Say, if I have a list of input files(assume 1000) which I want to process or write somewhere and I want to use coalesce to reduce my partition number to 100.
Now I run this job with 12 executors with 5 cores per executor, that means 60 tasks when it runs. Does that mean, each of the task will work on one single partition independently?
Round: 1 12 executors each with 5 cores => 60 tasks process 60 partitions
Round: 2 8 executors each with 5 cores => 40 tasksprocess the rest of the 40 partitions and 4 executors never place a job for the 2nd time
Or all tasks from the same executor will work on the same partition?
Round: 1: 12 executors => process 12 partitions
Round: 2: 12 executors => process 12 partitions
Round: 3: 12 executors => process 12 partitions
....
....
....
Round: 9 (96 partitions already processed): 4 executors => process the remaining 4 partitions
Say, if I have a list of input files(assume 1000) which I want to process or write somewhere and I want to use coalesce to reduce my partition number to 100.
In spark by default number of partitions
= hdfs blocks
, as coalesce(100)
is specified, Spark will divide input data into 100 partitions.
Now I run this job with 12 executors with 5 cores per executor, that means 60 tasks when it runs. Does that mean, each of the tasks will work on one single partition independently?

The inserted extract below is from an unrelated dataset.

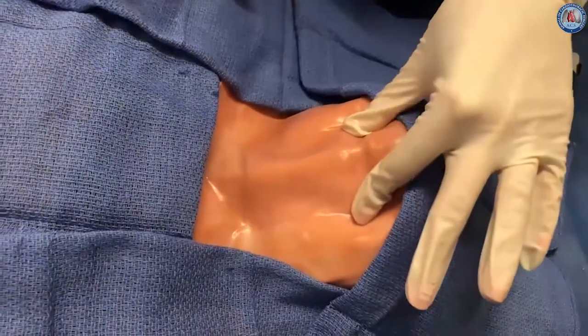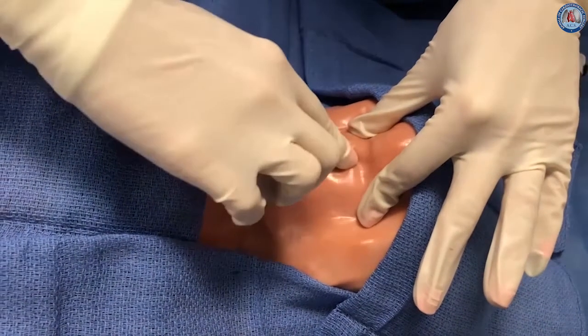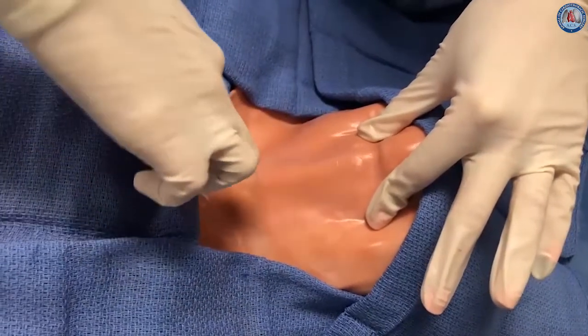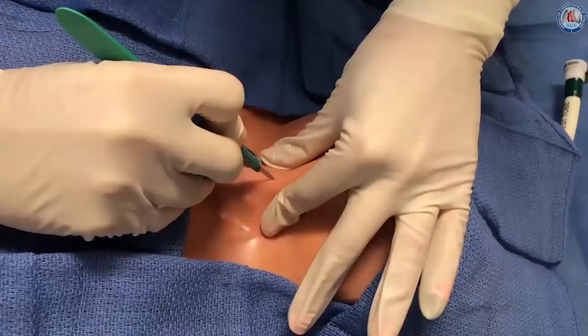The procedure begins with identification of surface landmarks. In this view the patient's head is to the right. First the thyroid and cricoid cartilages are found cranially, the sternal notch caudally, and the incision is planned for approximately midway between these landmarks.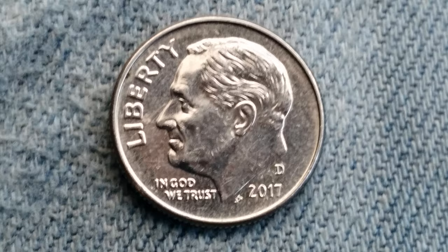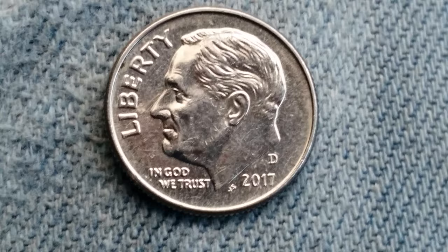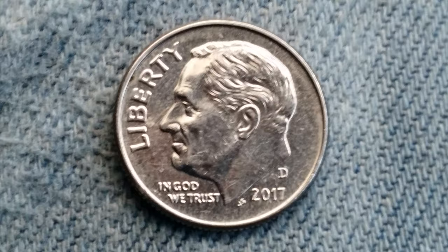Here is a 2017 D Roosevelt dime. The D represents the Denver Mint. This coin contains 0% silver. It is a clad composition consisting of 91.67% copper and 8.33% nickel.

As you passed might be passed.
--num-executors 12
: Number of executors to launch in an application.
--executor-cores 5
: Number of cores per executor. 1 core = 1 task at a time
So the execution of partitions will go like this.
12 partitions will be processed by 12 executors with 5 tasks(threads) each.
12 partitions will be processed by 12 executors with 5 tasks(threads) each.
.
.
.
4 partitions will be processed by 4 executors with 5 tasks(threads) each.
NOTE: Usually, Some executors may complete assigned work quickly(various parameters like data locality, Network I/O, CPU, etc.). So, it will pick the next partition to process by waiting for a configured amount of scheduling time.